#### [EXERCISE BRIEF]
Write out the records in full and without alteration, setting aside their pictures.

====== STORED DATA

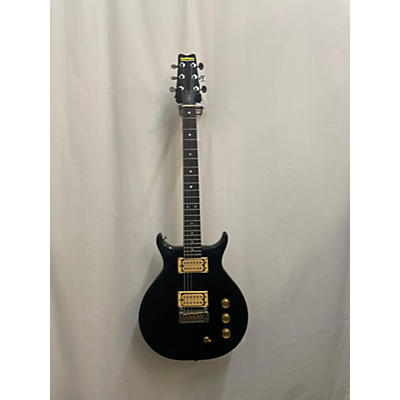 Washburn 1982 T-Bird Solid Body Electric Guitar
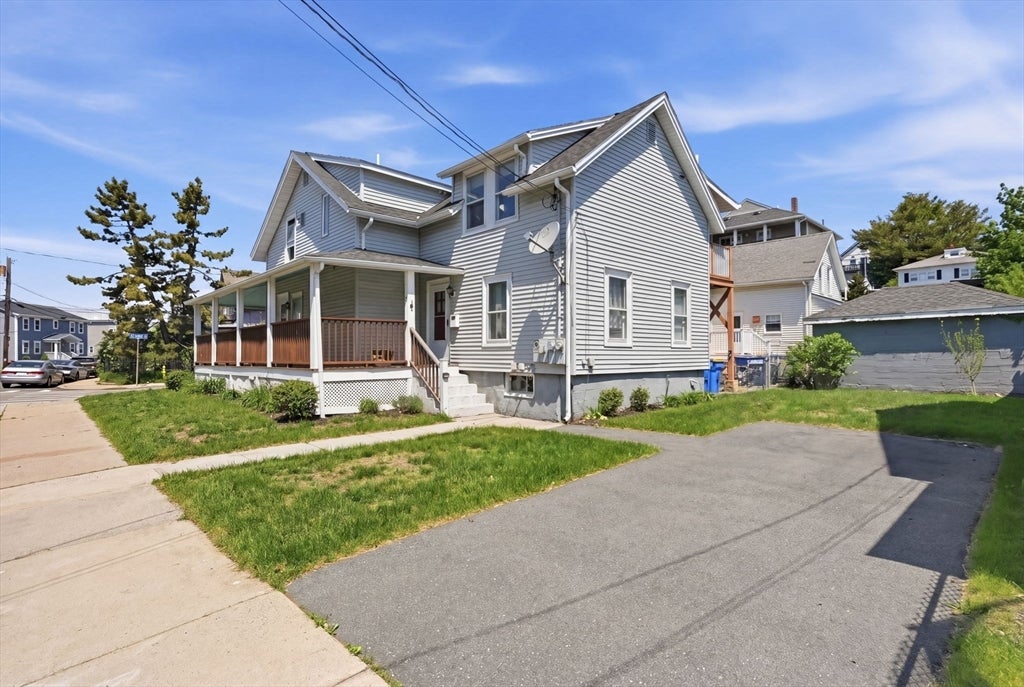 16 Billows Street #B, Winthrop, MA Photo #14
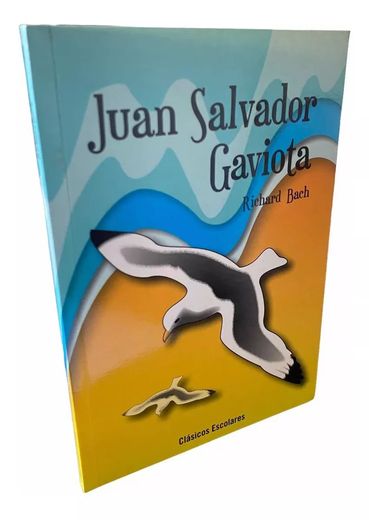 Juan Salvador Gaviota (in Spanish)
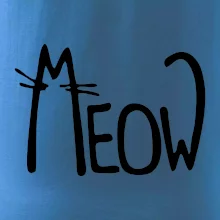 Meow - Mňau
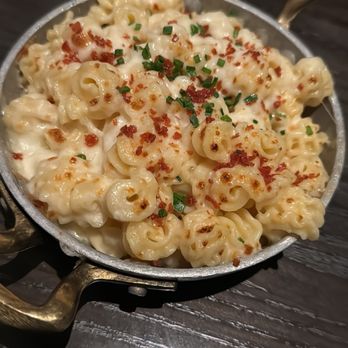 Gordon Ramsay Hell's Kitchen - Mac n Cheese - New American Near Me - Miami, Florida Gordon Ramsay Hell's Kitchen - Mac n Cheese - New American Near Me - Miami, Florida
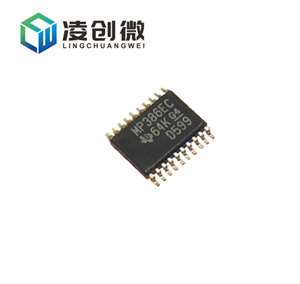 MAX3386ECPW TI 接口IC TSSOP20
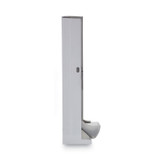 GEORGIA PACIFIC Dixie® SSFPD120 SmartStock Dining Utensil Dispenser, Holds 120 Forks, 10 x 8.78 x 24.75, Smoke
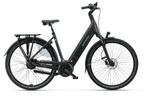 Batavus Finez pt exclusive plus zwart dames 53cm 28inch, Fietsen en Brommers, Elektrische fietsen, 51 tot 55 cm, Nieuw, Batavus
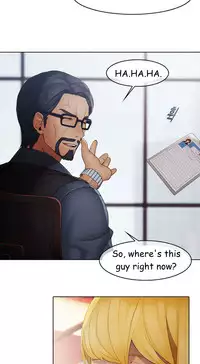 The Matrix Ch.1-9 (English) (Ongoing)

============

#### [TASK RESULT]
 Washburn 1982 T-Bird Solid Body Electric Guitar
 16 Billows Street #B, Winthrop, MA Photo #14
 Juan Salvador Gaviota (in Spanish)
 Meow - Mňau
 Gordon Ramsay Hell's Kitchen - Mac n Cheese - New American Near Me - Miami, Florida Gordon Ramsay Hell's Kitchen - Mac n Cheese - New American Near Me - Miami, Florida
 MAX3386ECPW TI 接口IC TSSOP20
 GEORGIA PACIFIC Dixie® SSFPD120 SmartStock Dining Utensil Dispenser, Holds 120 Forks, 10 x 8.78 x 24.75, Smoke
 Batavus Finez pt exclusive plus zwart dames 53cm 28inch, Fietsen en Brommers, Elektrische fietsen, 51 tot 55 cm, Nieuw, Batavus
 The Matrix Ch.1-9 (English) (Ongoing)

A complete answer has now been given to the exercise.